PROFESIONALISME
GURU DALAM TUNTUTAN
Menagih
Profesionalisme Guru di Sekolah “Rintisan”
Prolog
Iwan Fals pernah mengabadikan sosok
guru profesional sejati dalam karya musiknya yang berjudul Umar Bakri. Sosok
guru dengan gaji kecil, serta jumlah muridnya yang sedikit dan bila handak
mengajar ia dihadang oleh tentara kolonial Belanda. Namun, meski demikian Umar
Bakri masih saja tetap melakoni pekerjaan gurunya dengan maksimal, pantang
mengeluh, dan mampu menelurkan out put setara dengan otak Habibi.
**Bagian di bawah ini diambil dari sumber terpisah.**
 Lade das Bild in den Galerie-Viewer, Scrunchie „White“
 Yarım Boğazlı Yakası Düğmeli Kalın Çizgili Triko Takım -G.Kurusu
Tapi yang jadi pertanyaan adalah,
adakah Umar Bakri dijaman kapitalis ini ?. dimana rasa ikhlas dan maksimal
dalam beramal diukur berdasarkan materi. Mengatasnamakan pemahaman
profesionalisme yang sempit, para guru dewasa ini berpedoman “Gaji Maksimal
Murid Tercerdaskan, Gaji Minimal Para Murid Terlantar”. Para guru yang pemahamannya
masih sempit dalam memahami arti profesionalisme guru, ditafsirkan bahwa guru
itu sebagai profesi. Maka dari itu guru harus mendapat gaji yang tinggi agar
kinerjanya bisa maksimal, dan oleh sebab itu maka muncul spekulasi baru bahwa
jika gaji redah maka kerjannya ogah-ogahan, kalu tidak digaji maka ilmunya
hanya dipendam. Sebagaimana memposisikan kerjaan guru seperti tukang becak,
tukang becak baru akan bersedia mengayuh dan mengantarkan penumpang bila ia
sudah ada deal akan harga bayaran. Jika mental guru seperti mental tukang
becak, mahu dibawa kemana generasi-genarasi bangsa kedepan ?.
Beda,
Profesi dengan Profesionalisme
Beda kata beda makna, inilah kata
Bernard Russel seorang filsuf modern. Profesi dengan profesinolalisme itu beda.
Profesi adalah kata aktif yang menunjukan status seseorang dalam perkara apa
yang dikerjakan dengan tujuan mendapatkan upah selaku tanda ganti atas kerjaan
yang dilakukannya dan menjadi salah satu syarat dalam pewujudannya. Maka dari
itulah masih adanya perdebatan dikalangan akdemisi akan polemik “Guru sebagai
profesi”. Sebab bila guru sebagai profesi, maka itu artinya ruh guru selaku “pahlawan
tanpa tanda jasa” akan musnah, pendidikan akan dikomersialkan selaku barang
dagangan dan guru adalah selaku “profesinya”(penjual). Oleh sebab pendidikan
menjadi barang dagangan, otomatis akan ada tarif (harga). Dan bila seperti itu
adanya, orang yang bisa menikmati pendidikan adalah orang yang punya daya bayar
tarif. Maka dari itu sebagian akademisi tidak setuju guru sebagai profesi,
namun yang lebih ideal adalah guru sebagai tenaga profesional.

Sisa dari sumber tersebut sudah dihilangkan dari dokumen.